La senda de las nubes (Siruela), de Catherine François, es un libro sobre las sutiles relaciones que existen entre las tres grandes escuelas del pensamiento chino, que se suelen presentar como corrientes opuestas: el confucianismo, el taoísmo y el budismo chan. Santiago Auserón escribe sobre esta obra que ha traducido junto a Jenaro Talens.
1.- Un pensamiento que iguala arte y política.
La antigua sabiduría china combinaba la reflexión sobre la organización política y las artes —principalmente poesía, música y pintura del paisaje— de un modo que interesa al pensamiento contemporáneo. Los chinos antiguos percibían una conexión entre disciplinas que la tradición occidental desdice. Platón consideraba las artes del monarca o del estratega militar entre las demás tékhnai, pero con vistas a establecer la jerarquía que había de culminar en el arte regio de la filosofía. Por la misma época, en la tradición de Extremo Oriente se percibían las cosas de otro modo: desde la disposición del territorio amenazado por los desbordamientos fluviales o por las invasiones nómadas hasta el ordenamiento de la ciudad y de los rituales cortesanos; desde la reflexión sobre el movimiento de los astros hasta la pulsación de las cuerdas de la cítara o el trazo del pincel sobre el pergamino, el sabio experimentaba una necesidad de equilibrio que debía ser compartida por el gobernante.

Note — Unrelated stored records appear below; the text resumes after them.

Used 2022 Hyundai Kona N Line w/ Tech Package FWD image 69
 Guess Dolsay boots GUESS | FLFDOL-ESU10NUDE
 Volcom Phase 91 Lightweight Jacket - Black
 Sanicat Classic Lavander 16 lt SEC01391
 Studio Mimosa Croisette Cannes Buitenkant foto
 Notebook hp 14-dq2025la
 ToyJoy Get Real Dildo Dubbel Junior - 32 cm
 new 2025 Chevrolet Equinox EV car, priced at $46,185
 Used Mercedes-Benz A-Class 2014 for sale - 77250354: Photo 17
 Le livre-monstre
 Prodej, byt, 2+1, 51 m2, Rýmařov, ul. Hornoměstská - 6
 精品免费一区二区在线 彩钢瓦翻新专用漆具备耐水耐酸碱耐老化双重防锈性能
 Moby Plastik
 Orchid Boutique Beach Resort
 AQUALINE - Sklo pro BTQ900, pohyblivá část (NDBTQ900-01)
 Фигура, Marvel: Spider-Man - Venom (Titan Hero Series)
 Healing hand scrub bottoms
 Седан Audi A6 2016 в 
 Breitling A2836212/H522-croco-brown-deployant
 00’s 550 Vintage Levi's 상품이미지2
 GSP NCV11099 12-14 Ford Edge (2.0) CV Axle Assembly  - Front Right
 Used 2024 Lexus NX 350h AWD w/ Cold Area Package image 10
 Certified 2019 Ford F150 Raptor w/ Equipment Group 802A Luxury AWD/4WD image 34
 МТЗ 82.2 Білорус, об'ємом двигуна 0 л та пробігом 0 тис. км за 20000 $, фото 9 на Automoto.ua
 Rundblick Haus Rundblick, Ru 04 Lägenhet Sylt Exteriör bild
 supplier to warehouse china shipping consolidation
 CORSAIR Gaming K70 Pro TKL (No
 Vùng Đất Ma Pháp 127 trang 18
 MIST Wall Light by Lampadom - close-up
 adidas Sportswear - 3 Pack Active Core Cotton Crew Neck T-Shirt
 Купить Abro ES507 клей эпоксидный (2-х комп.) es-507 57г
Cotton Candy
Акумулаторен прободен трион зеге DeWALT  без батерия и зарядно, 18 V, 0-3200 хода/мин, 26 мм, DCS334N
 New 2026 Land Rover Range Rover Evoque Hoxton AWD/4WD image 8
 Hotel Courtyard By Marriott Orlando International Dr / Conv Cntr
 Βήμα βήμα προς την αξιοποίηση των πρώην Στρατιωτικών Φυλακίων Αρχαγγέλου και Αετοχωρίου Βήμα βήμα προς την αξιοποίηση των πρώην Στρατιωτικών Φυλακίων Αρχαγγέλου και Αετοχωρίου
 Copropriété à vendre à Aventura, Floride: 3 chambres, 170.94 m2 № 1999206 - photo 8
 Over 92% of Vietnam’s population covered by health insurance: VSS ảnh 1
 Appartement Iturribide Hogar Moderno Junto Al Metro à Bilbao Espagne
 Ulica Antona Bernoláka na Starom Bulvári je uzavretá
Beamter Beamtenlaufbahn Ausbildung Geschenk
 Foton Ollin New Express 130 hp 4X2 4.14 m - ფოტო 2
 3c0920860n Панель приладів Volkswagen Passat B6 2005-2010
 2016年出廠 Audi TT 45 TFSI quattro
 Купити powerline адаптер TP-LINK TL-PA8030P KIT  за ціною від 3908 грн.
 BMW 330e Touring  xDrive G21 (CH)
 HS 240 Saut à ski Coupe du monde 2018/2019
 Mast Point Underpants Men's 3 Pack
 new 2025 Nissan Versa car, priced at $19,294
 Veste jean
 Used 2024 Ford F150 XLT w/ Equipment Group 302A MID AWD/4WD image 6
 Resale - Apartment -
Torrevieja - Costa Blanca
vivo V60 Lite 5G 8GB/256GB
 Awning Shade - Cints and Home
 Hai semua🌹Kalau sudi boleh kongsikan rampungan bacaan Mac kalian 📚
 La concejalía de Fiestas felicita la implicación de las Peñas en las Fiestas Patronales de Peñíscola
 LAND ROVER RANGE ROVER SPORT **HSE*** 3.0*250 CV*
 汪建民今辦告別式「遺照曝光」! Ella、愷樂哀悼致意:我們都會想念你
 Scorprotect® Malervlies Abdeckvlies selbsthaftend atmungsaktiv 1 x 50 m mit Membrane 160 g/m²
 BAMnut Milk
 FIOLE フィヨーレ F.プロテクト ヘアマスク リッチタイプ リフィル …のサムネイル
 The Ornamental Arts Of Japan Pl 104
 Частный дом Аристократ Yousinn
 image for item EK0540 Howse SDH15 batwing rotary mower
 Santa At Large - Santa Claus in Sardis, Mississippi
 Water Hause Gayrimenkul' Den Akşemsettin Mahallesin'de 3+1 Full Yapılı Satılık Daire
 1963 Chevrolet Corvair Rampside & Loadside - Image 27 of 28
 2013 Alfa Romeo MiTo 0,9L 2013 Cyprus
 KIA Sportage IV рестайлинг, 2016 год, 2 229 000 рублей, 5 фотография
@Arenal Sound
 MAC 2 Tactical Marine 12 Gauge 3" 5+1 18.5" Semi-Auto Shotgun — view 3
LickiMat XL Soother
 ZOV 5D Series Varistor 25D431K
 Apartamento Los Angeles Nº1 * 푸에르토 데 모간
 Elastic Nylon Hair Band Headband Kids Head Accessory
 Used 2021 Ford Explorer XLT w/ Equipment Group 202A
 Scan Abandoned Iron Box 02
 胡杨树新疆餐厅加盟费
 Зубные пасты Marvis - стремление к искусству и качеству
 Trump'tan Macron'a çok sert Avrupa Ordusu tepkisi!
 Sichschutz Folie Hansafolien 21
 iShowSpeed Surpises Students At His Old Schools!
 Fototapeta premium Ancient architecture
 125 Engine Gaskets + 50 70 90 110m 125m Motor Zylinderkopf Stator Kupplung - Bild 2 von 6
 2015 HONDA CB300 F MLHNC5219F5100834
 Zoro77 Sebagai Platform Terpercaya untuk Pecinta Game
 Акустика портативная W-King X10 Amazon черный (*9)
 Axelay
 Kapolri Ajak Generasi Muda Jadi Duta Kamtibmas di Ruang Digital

Ya en su libro sobre las leyendas en torno al río Amarillo (Caminos bajo el agua, Pre-Textos, 1999), Catherine François dejaba entender que la unidad entre asuntos humanos y fuerzas naturales era la clave de un estilo de pensamiento que se alzó sobre el animismo primitivo sin despegar de la materia ni requerir una idea de la psique gobernada por los modelos de la razón técnica. Con ello resituaba el interés por la antigüedad china más allá de las modas orientalistas popularizadas a partir de los años sesenta. Viene ahora La senda de las nubes a profundizar en las corrientes espirituales del confucianismo, el taoísmo y el budismo chan, llevando a cabo una tarea de síntesis que, sin renunciar al rigor, las pone al alcance del lector no especializado y reencarna las figuras de sus protagonistas —difuminadas por el paso del tiempo y casi desconocidas en Occidente— devolviéndoles emotiva cercanía.
2.- Reconstrucción de una biografía legendaria.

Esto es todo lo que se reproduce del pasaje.